Chroniques

par hervé könig

La sonnambula | La somnambule
opéra de Vincenzo Bellini

Buxton International Festival / Opera House
- 12 juillet 2023
Délicieuse SONNAMBULA de Bellini au Buxton International Festival 2023
© genevieve girling

Après Garsington, West Horsley Place et Londres, la quatrième destination de notre parcours lyrique estival au Royaume Unis est plus nordique, puisqu’elle nous mène jusqu’au Derbyshire, comté situé au cœur de la grande île et faisant partie des East Midlands. La dernière fois que nous avons vu un opéra au Buxton International Festival, il s’agissait d’Eugène Onéguine. [lire notre chronique du 14 juillet 2019]. Ce soir, nous retrouvons un classique du romantisme italien, La sonnambula, joué pour la première fois au Carcano de Milan, le 6 mars 1831 – bien connu des amateurs de bel canto, l’ouvrage est moins programmé qu’on le pense, comme en atteste le fait que nos colonnes n’en ont parlé que cinq fois en vingt ans [lire nos chroniques des productions de Federico Tiezzi, Marco Arturo Marelli, Bepi Morassi et Francesca Lattuada, ainsi que celle de la version de concert du 11 avril 2016].

En juin 2018, le chef d’orchestre Adrian Kelly était nommé directeur artistique du Buxton International Festival où il succédait à Stephen Barlow. On peut dire que le musicien est aguerri à tous les répertoires, puisqu’il a dirigé des opéras de Mozart, Rossini, Donizetti, Verdi, Puccini, Massenet, Offenbach, Tchaïkovski et Humperdinck, pour les plus anciens, et de Křenek, Nono, Rhim et Wuorinen quant aux plus récents, dans plusieurs maisons européennes. À la tête du Northern Chamber Orchestra, il donne une version inspirée de l’œuvre de Vincenzo Bellini, bondissant dans les moment les plus rythmés et ménageant adroitement la ligne des chanteurs sur des cantabile plus tendres. Un soin certain est apporté à des demi-teintes chatoyantes que bien des chefs ne prennent pas toujours la peine de révéler. La subtilité de l’interprétation ne fait pas l’ombre d’un doute.
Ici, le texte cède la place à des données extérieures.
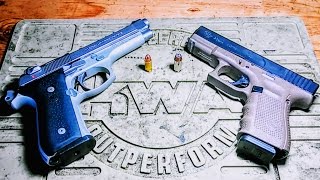 THINGS to CONSIDER before you BUY a GLOCK or a BERETTA 92FS [upl. by Lleze]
Avec lui, une fine équipe de chanteurs, plutôt dynamique.
À commencer par le chœur du festival, préparé par Paul Plummer, dont la prestation convient. Côté solistes, les défis du genre (bel canto) ne sont pas laissés pour compte. Le soprano colorature de Ziyi Dai est remarquablement maîtrisé dans le rôle d’Amina, y compris dans les passages les plus acrobatiques. La pureté de la voix est une bénédiction. C’est un régal de l’écouter vocaliser, tant elle maîtrise son chant. Spécialisé dans les emplois de ténor spinto, Nico Darmanin affirme une grande forme qu’il met au service d’Elvino. Son incarnation ne manque pas de panache, avec un aigu claironnant comme il faut [lire nos chroniques de la Trilogie Da Ponte et d’Il barbiere di Siviglia]. Avec une basse vaste et facile, Simon Shibambu se joue de Rodolfo auquel il offre des nuances délicates [lire nos chroniques d’Otello et de Tosca à Aix-en-Provence et à Montpellier]. Le talent d’Ellie Neate est comme un poisson dans l’eau dans la partie de Lisa, délicieusement volatile. Teresa, le mère adoptive d’Amina, profite des atouts d’Ann Taylor, bien pourvus. Enfin, le jeune Jacob Bettinelli se charge avec facilité d’Alessio.

La mise en scène d’Harry Fehr ne s’encombre pas du moulin et du village suisse. Loin de la littéralité du livret, elle transpose l’intrigue dans les années soixante. S’il surprend d’abord, ce choix s’avère ensuite très justifié, et il présente le grand avantage de renouveler complètement l’approche de l’œuvre. Devant les spectateurs se déploie une cantine, dans une fabrique locale. L’inscription de la proposition dans un limon social si précis pourrait faire polémique, si le public du jour était un peu plus méditerranéen. Et ce serait dommage, parce que ce prédicat de départ occasionne au fil du spectacle une inventivité précieuse dont il aurait été dommage de se priver. Dans les costumes d’époque de Zahra Mansouri – sixties, veux-je dire – et le décor efficace de Nicky Shaw, la vie de jeune fille possède bien des attraits, dans cette direction d’acteurs formidablement enjouée. Un jeu complice et ravageur unit tous les protagonistes. On ne s’en lasse pas.